====== Given data ======

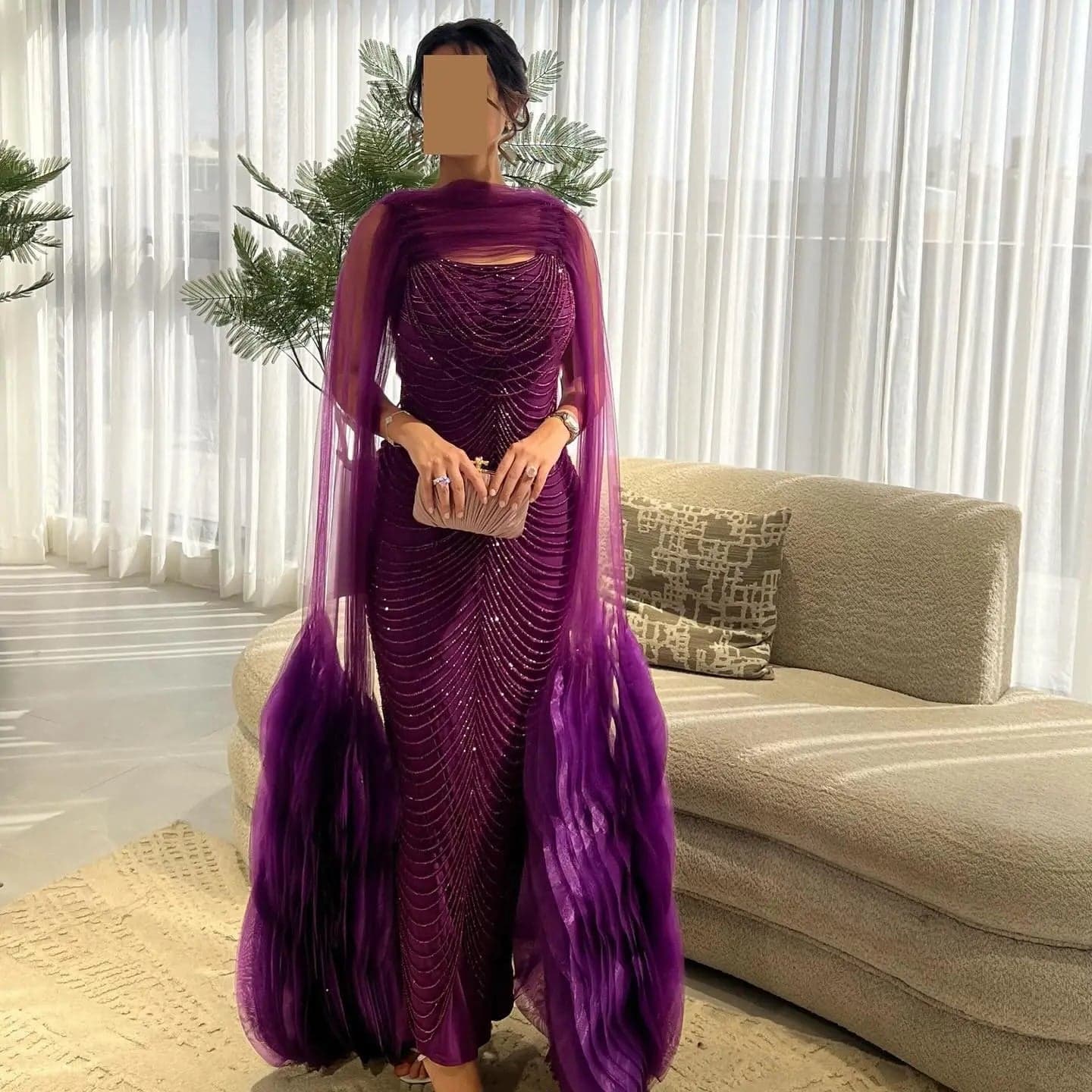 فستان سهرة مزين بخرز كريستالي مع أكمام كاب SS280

======
====== Given data ======

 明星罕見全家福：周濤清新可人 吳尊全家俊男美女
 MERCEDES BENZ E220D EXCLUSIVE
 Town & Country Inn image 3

======

*Task item*
Would you retype exactly the lines above, from the line with "MERCEDES BENZ E220D EXCLUSIVE" to the line with "Town & Country Inn image 3", with both end lines kept and nothing more?

*Output for this exercise*
 MERCEDES BENZ E220D EXCLUSIVE
 Town & Country Inn image 3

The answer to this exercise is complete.